Village law is more concerned with your house and garden than your tongue.
No asphalt driveways, for example. No neon storefront signs.
No gates above six feet, or boundary walls below four.
No invisible fencing or visible sprinklers, no barn renovations and no new-build homes unless village council approves your architect (it won’t—I think that codicil might be sarcasm).
The village guards its visible history with an iron fist. There are stone walls here that pre-date the Mayflower , and countless outbuildings and haylofts where Revolutionary generals slept or ate or died from typhus.
The phrase old money conjures images of grandeur—feather beds and gilded mansions—but in Briar’s Green it looks like musty houses with worn-out floors and doors that stick in the summer.
It looks like acres of neglected meadow, and knotty trees with half-rotted rope swings that one of the Roosevelts swung from as a child.
No one will ever specify which—goodness, how inelegant—and if you ask, they’ll feign ignorance, and slip out of the conversation. They’ll know you’re not like them.
***
“Get this,” says Theo. “They’re trying to establish ‘tourist hours.’ ”
We’re past the village center now, back in the tunnel of green.
“Hmm?” I say, still dazed by the time warp.
“Basically, no outsiders allowed before noon or after five,” Theo scoffs. “I guess they’ve had a few more than usual this year, but it’s like, sorry, these are public roads.”
“Right,” I say, picturing the train girl, grinning like a kid. “I met one. One of those true-crime creeps obsessed with Caitlin.”
We reach a stop sign, and Theo brakes just hard enough for me to realize my mistake.
“Is that what this is about?” Theo asks softly. “All the media stuff?”
I’m already shaking my head.
“Nope. It’s not. And I’m not having this conversation again.”
Theo leans over, trying to catch my eye.
“Because I’d understand. It gets to me too, you know? And for you—”
“Theo.”
“Especially with this whole Susannah thing.”
“Theo!” I bark, turning a hard stare on him. “I said no.”
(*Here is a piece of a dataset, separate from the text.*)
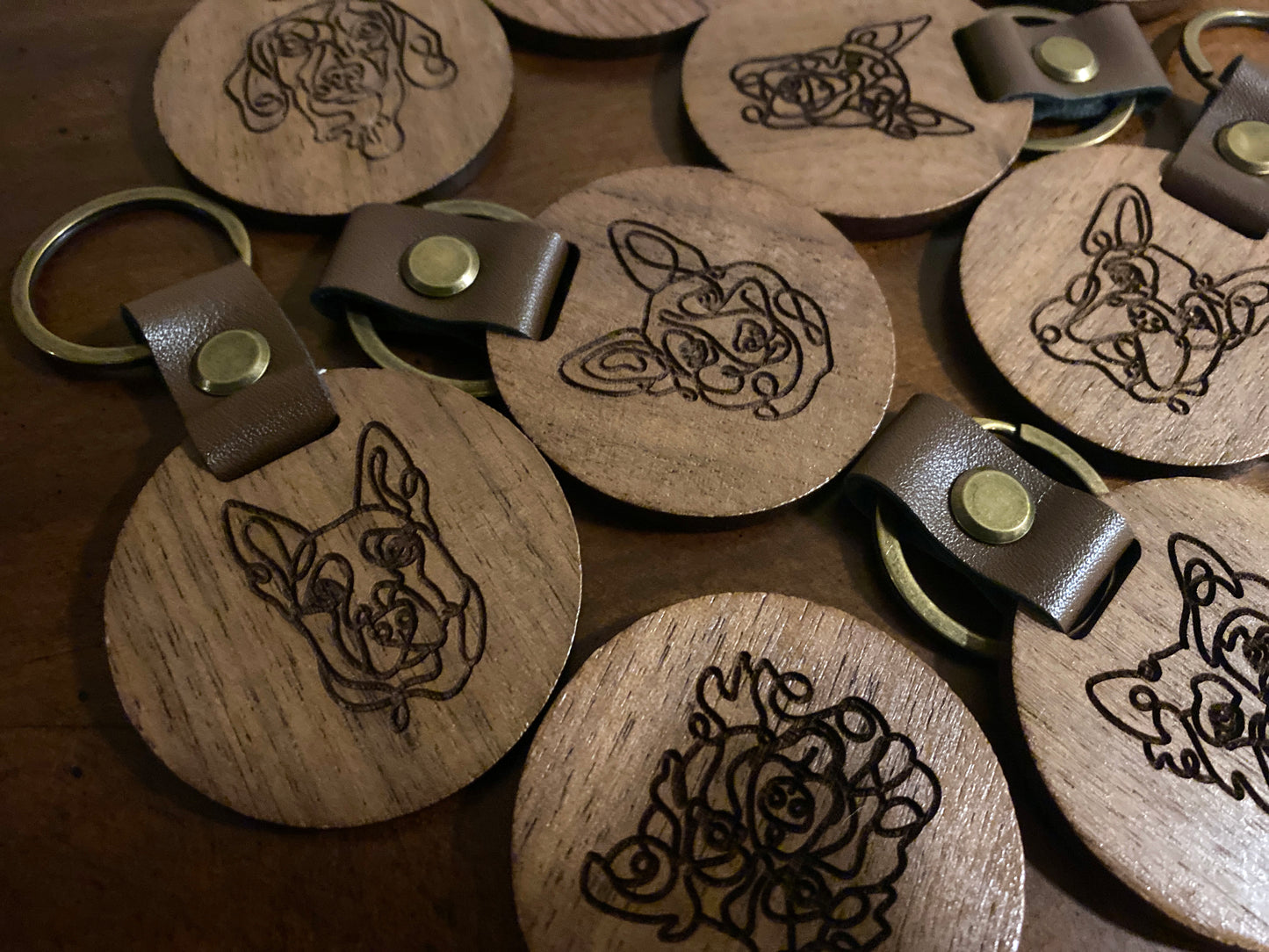 Custom Round Wood Keychain – Engraved Logo or Dog Breed Silhouette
He calmly closes his mouth, his eyes going soft and understanding.
Except he doesn’t understand. He thinks he does, and nothing I say will sway him.
The problem with Theo’s evident brilliance is that he always thinks he’s right, and anyone who disagrees is wrong.
And all wrongs must be righted. This is what makes him so great in court and an absolute nightmare at Thanksgiving.
Another car approaches behind us, forcing Theo to drive on.
We sit in the strained silence, arguing in our heads. I’m dimly aware of a pale stone wall running alongside the road. Theo sighs.
“I’m just worried, Alice,” he says. “I think this is a bad decision—an unhealthy one.”
“I remember,” I answer as the gate appears. “It’s ‘an unhealthy environment,’ for me. My hometown.”
We pull up to the entrance. The wrought-iron spears glimmer like fresh tar in the heat, and the car fills up with the sharp, green smell of lawn.
“I’m not just talking about the village,” Theo says quietly. “The village is one thing.”
“I know,” I finish for him, my own voice softening too. “I really do.”
I nod forward, and Theo obliges, driving slowly up the path.
On that point, Theo’s right—no question. I don’t need him to tell me, because I know better than anyone. The village is one thing. The club is another.